Penetrante como el almizcle, Blondet intuyó más de un secreto en el acento, en el gesto y en el aire de Lucien; pese a ungirle, con estas palabras supo dar un tirón de las riendas. Quería saber los motivos del regreso de Lucien a París, sus proyectos y sus medios de subsistencia.

—¡De rodillas ante una superioridad que tú no alcanzarás jamás, por muy Finot que seas! —prosiguió—. ¡Admite, y en el acto, al caballero entre los hombres fuertes a quienes pertenece el porvenir, es de los nuestros! Ingenioso y apuesto, ¿no debe tener éxito, con tus quibuscumque viis8? ¡Ahí lo tenéis en su excelente armadura de Milán, con su poderosa daga a medio desenvainar y enarbolando su pendón! ¡Voto a Dios, Lucien!, ¿dónde has robado ese precioso chaleco? Sólo el amor sabe encontrar semejantes telas. ¿Tenemos un domicilio? En este momento necesito conocer las direcciones de mis amigos, no sé a dónde ir a dormir. Finot me ha echado de su casa por esta noche, con el vulgar pretexto de haber tenido una aventura galante…

—Amigo mío —respondió Lucien—, he puesto en práctica un axioma con el que se tiene la seguridad de vivir tranquilo: ¡Fuge, late, tace9! Os dejo.

—Pero yo no te dejo que te vayas sin que me pagues la deuda sagrada que tienes conmigo, esa cena, ¿eh? —dijo Blondet, al que le gustaba un poco demasiado comer bien y que cuando se encontraba sin blanca sabía cómo comer de gorra.

—¿Qué cena? —dijo Lucien dejando escapar un gesto de impaciencia.

—¿Ya no te acuerdas? Es en esto en lo que reconozco la prosperidad de un amigo: en que no tiene ya memoria.

—Sabe lo que nos debe, respondo de su corazón —prosiguió Finot siguiendo la broma de Blondet.
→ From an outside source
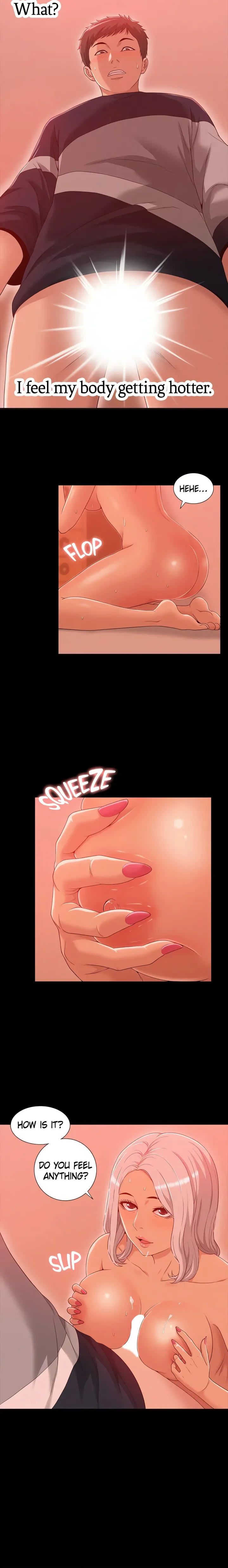 Coming Too Soon Chapter 2 - Page 5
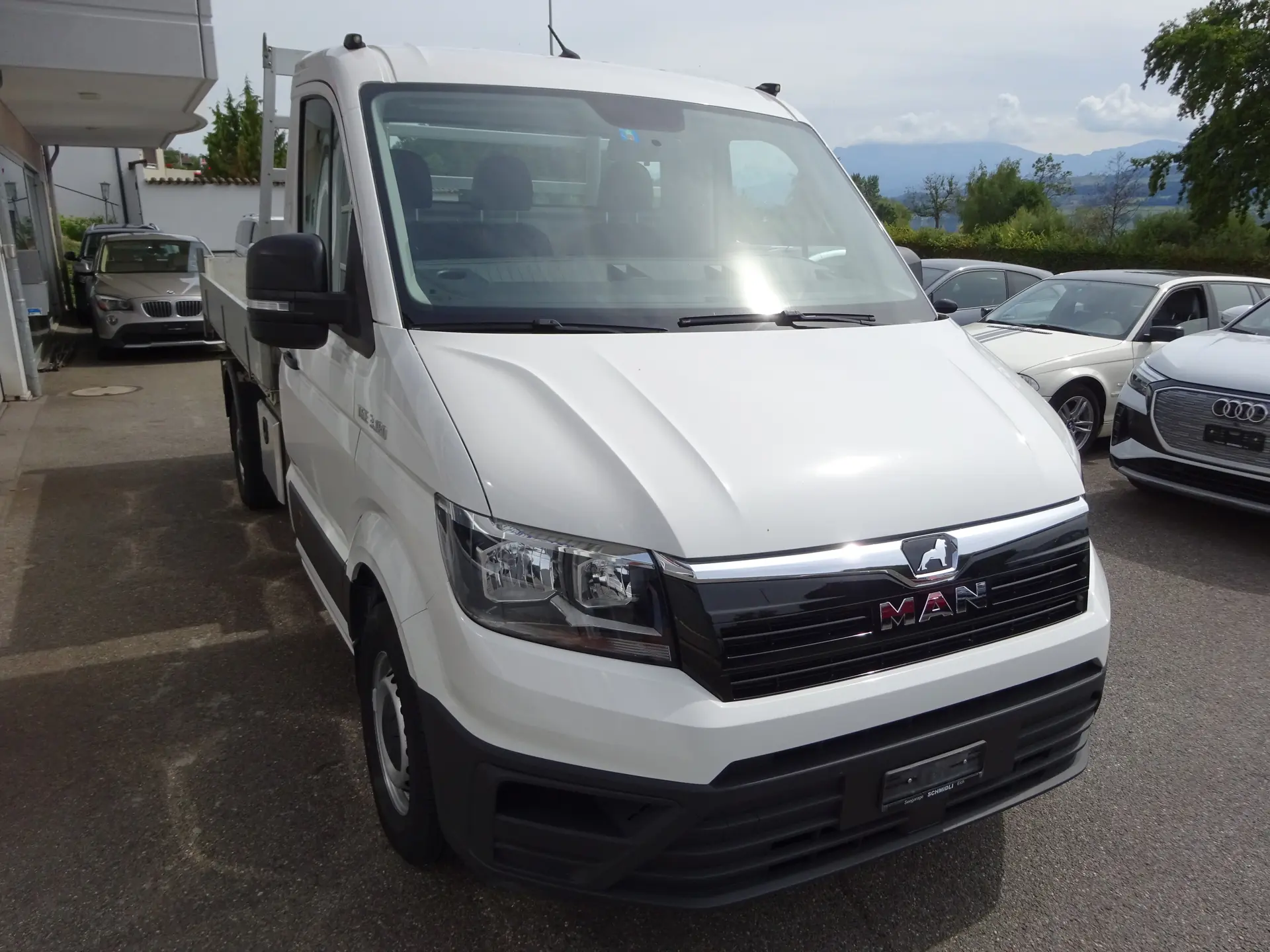 MAN TGE 2019 occasion Eich — 4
—Rastignac —dijo Blondet cogiendo al joven elegante por el brazo en el momento en que llegaba a lo alto del foyer y al lado de la columna donde estaban reunidos los supuestos amigos—, se trata de una cena: será usted uno de los nuestros… A menos que el caballero —añadió con seguridad, señalando a Lucien— siga negándose a satisfacer una deuda de honor; la cosa es posible.
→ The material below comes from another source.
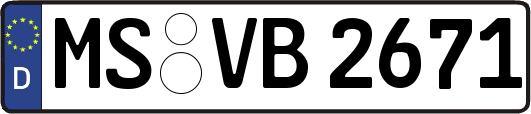 MS-VB2671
—El señor de Rubempré es incapaz de hacerlo, os lo garantizo —dijo Rastignac, que pensaba en todo menos en una fullería.

—Aquí tenemos a Bixiou —exclamó Blondet—, estará también, nos faltaría algo sin él. Sin él, el champán me empasta la lengua, y lo encuentro todo insípido, incluso el picante de los epigramas.

—Amigos míos —dijo Bixiou—, veo que estáis reunidos en torno a la maravilla del día. Nuestro querido Lucien repite las Metamorfosis de Ovidio. Así como los dioses se transformaban en singulares legumbres y en otras cosas para seducir a las mujeres, él ha convertido el Chardon10 en caballero para seducir. ¿A quién? ¡A Carlos X! Mi pequeño Lucien —dijo cogiéndole por un botón de su chaqueta—, un periodista promovido a gran señor merece una cencerrada. Yo en su lugar —dijo el despiadado satírico indicando a Finot y a Vernou—, te difamaría en su periódico; les reportarías un centenar de francos, con diez columnas de frases ingeniosas.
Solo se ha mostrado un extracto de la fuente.